As regular CFZ-watchers will know, for some time Corinna has been doing a column for Animals & Men and a regular segment on On The Track... particularly about out-of-place birds and rare vagrants. There seem to be more and more bird stories from all over the world hitting the news these days so, to make room for them all - and to give them all equal and worthy coverage - she has set up this new blog to cover all things feathery and Fortean.

Wednesday, 28 May 2014

Egg accidentally cracked by Charles Darwin goes on display

Darwin's mistake among exhibits in show on birds' cultural impact at Norwich Castle Museum and Art Gallery

Mark Brown, arts correspondent

The Guardian, Monday 26 May 2014 18.54 BST

An egg mistakenly cracked by Charles Darwin is among the items in The Wonder of Birds exhibit. Photograph: Norwich Castle Museum & Art Gallery


It is an unassuming object, a smallish, strangely glossy brown egg, and it is broken because of the carelessness of the last person you would expect – Charles Darwin.

"He squashed it into too small a box and it cracked, unfortunately," said curator Francesca Vanke, explaining the state of the spotted tinamou egg going on display at Norwich Castle Museum and Art Gallery.

The object is the only known surviving egg from Darwin's HMS Beagle voyage during the 1830s.
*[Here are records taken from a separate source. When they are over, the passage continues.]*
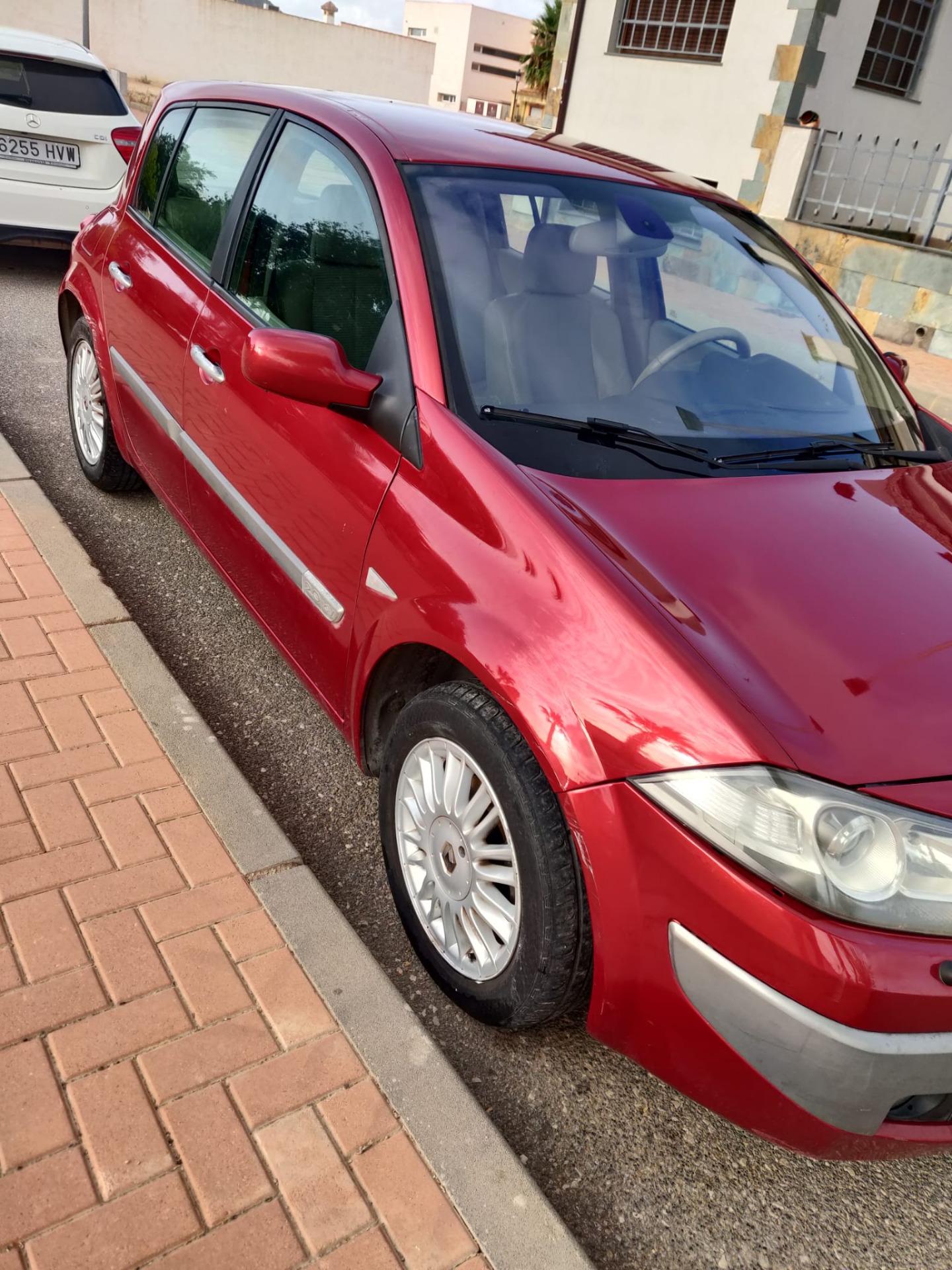 Foto 7 de RENAULT MEGANE 2.0 135CV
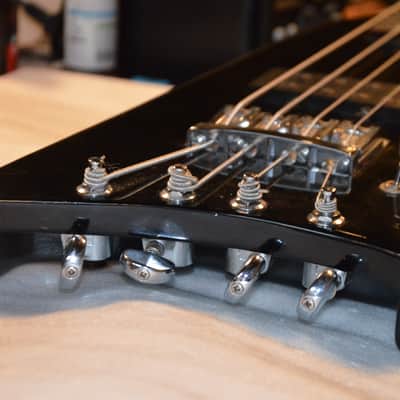 Hondo Steinberger-style ALIEN Headless Bass NOW 100€ reduced WEEKEND PRICE! Was 599€! rare model * real vintage made in South Korea in the 1980s * 24 frets/very good! * very rare with German Schaller 3-D bridge+original Grover tuners*perfect travel bass image 5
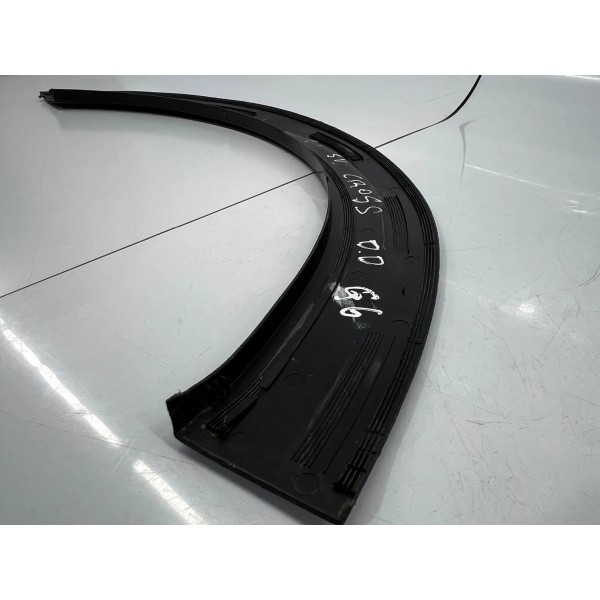 Moldura Paralama Dian. Dir. Volkswagen Saveiro 2017 A 2021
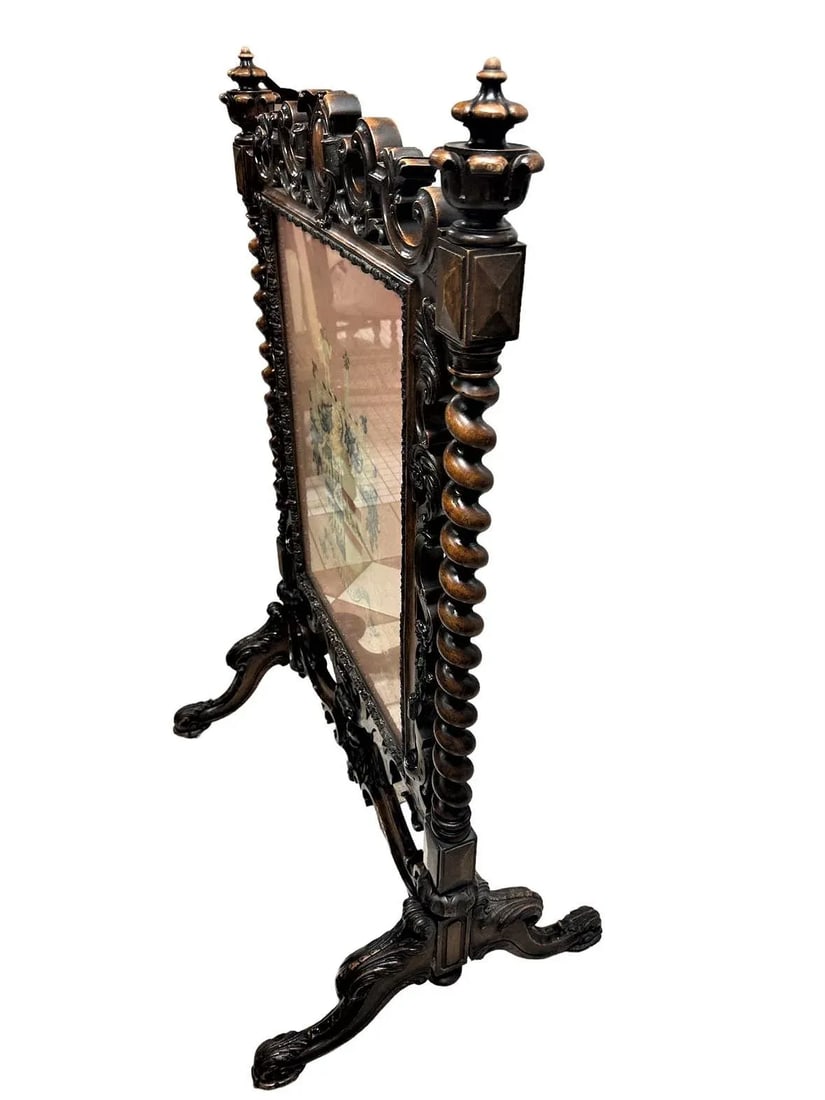 Antique Large Spanish Baroque Style Fire Screen in Carved Walnut and Needlepoint - Late 19th Century - 2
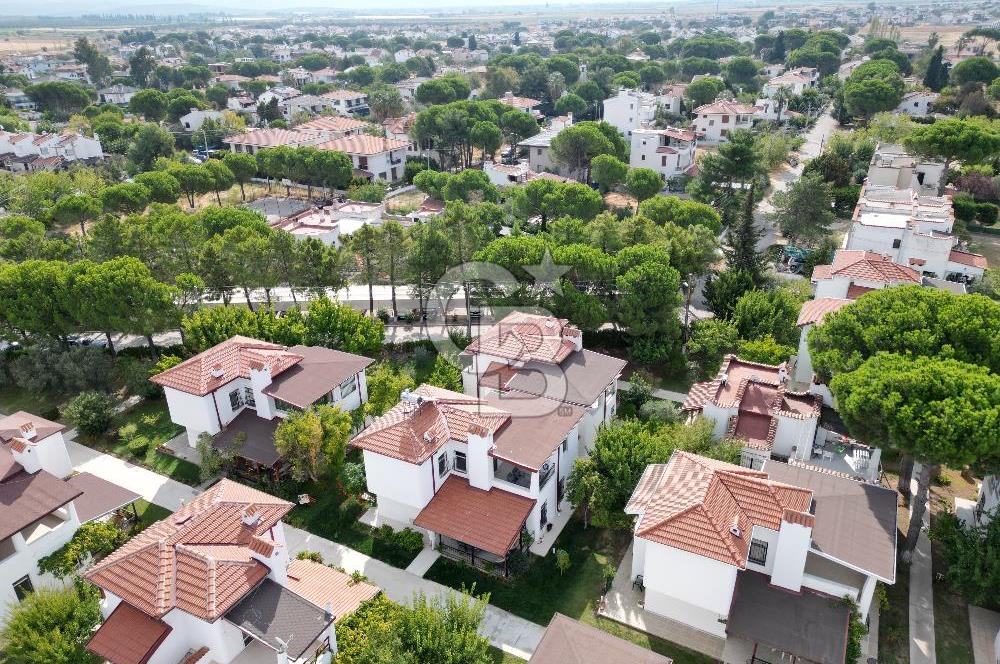 Ayvalık Altınova'da 4+1 Satılık Villa 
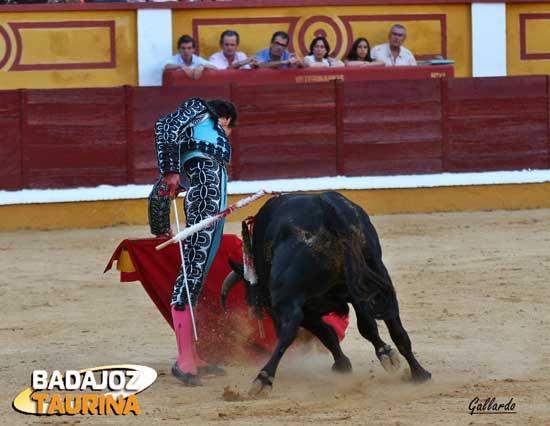 Una faena cimentada en la mano de los triunfos.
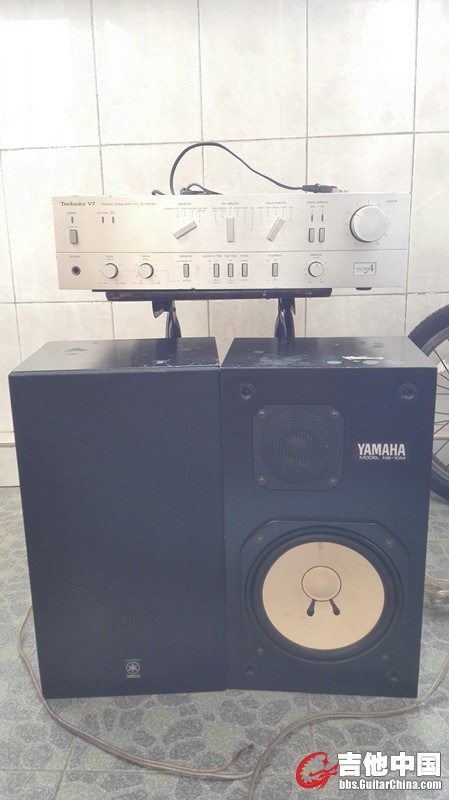 YAMAHA NS-10M 全正面01.jpg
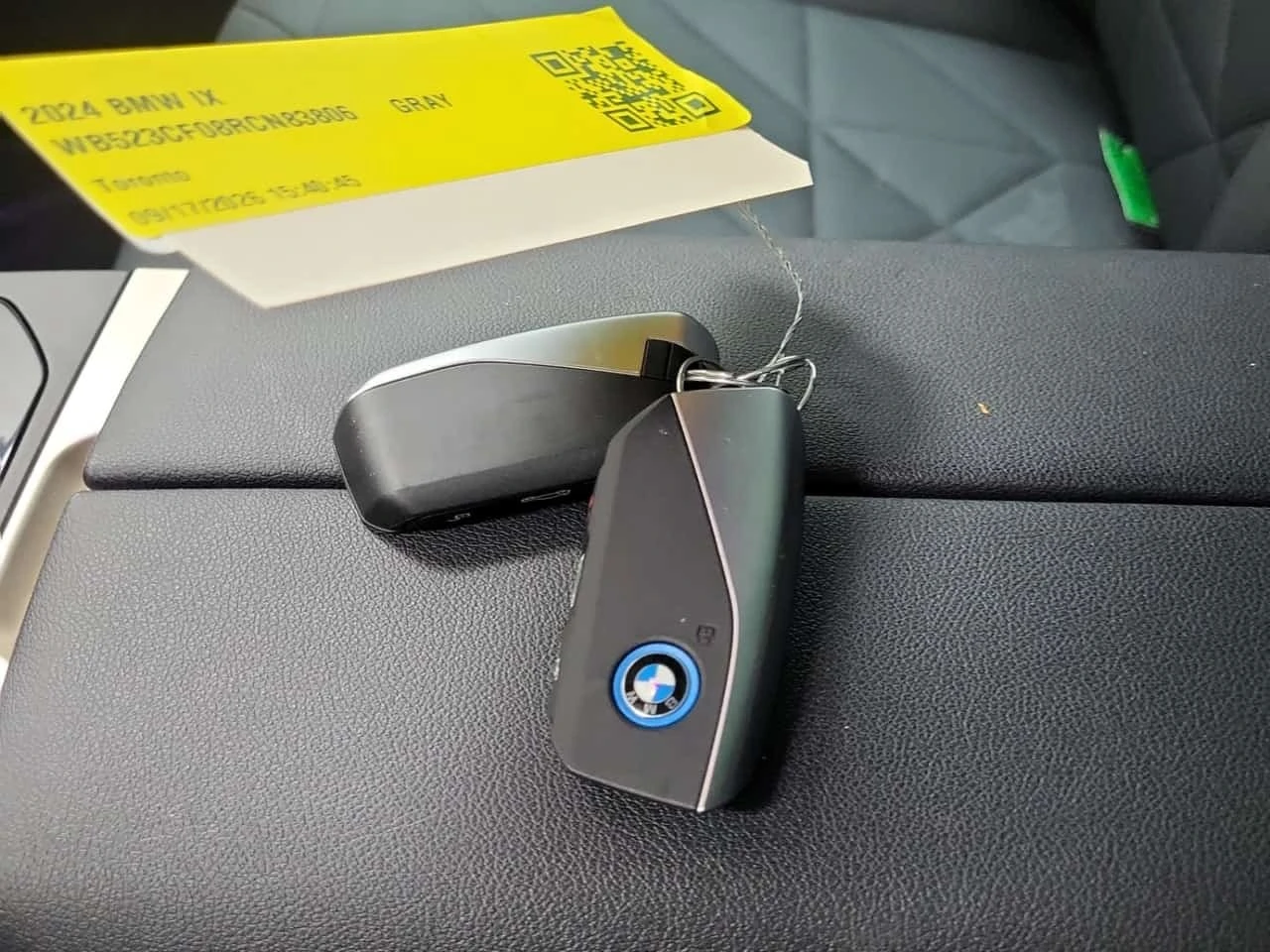 BMW iX * Sports Activity Vehicle Xdrive50 * CARFAX *  | Mobile.bg � ����������� 8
Probably drawn to its glossy sheen, Darwin signed it C. Darwin and brought it back to Britain after collecting it in Uruguay.

The egg was discovered by a volunteer in the collections of theUniversity Museum of Zoology in Cambridge five years ago and goes on display in Norwich as part of a summer art show exploring the cultural impact of birds.

"It is a coup," said Vanke, "but we have lots of coups."